There is a commercial I see on TV that has a line, "While I was busy building my life, plaque was building in my arteries." It is an advertisement for some cholesterol lowering drug I believe. These past few months, I can't attest to the plaque in my arteries but I do sometimes worry about my blood pressure.
You see I have been building, and in a way, rebuilding my life. I purge a house (one brick), pack a house (another brick), get new doctors, (yet another brick) and so on. I have been placing my bricks in order and make my new life sturdy here in Tennessee. The fates however have decided to come along and knock my house down.

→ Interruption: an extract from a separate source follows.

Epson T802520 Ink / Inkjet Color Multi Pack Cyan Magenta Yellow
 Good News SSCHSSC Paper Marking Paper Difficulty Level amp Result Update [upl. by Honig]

They are moving my husband's headquarters and we have to move to Chicago. And now I sit amongst a pile of rubble. My bricks lay scattered around me. Sometimes I sit and stare at them. Sometimes I pull my knees into my chest and cry a little. Mostly I sift through the pile. I know that there are many bricks that are not broken or even damaged. You see, when I was in highschool I went on a workcamp with my church. One of our tasks was to search the remains of a "moved" house for salvageable brick. Brick is strong, and so am I. I will find my bricks and take them to Chicago. I can place them in a new spot. I can repair the ones which are damaged and gather/build new ones (like friends, Karate, Gymnastics) once again. I know I can, I know how, because, I just did it not to long ago.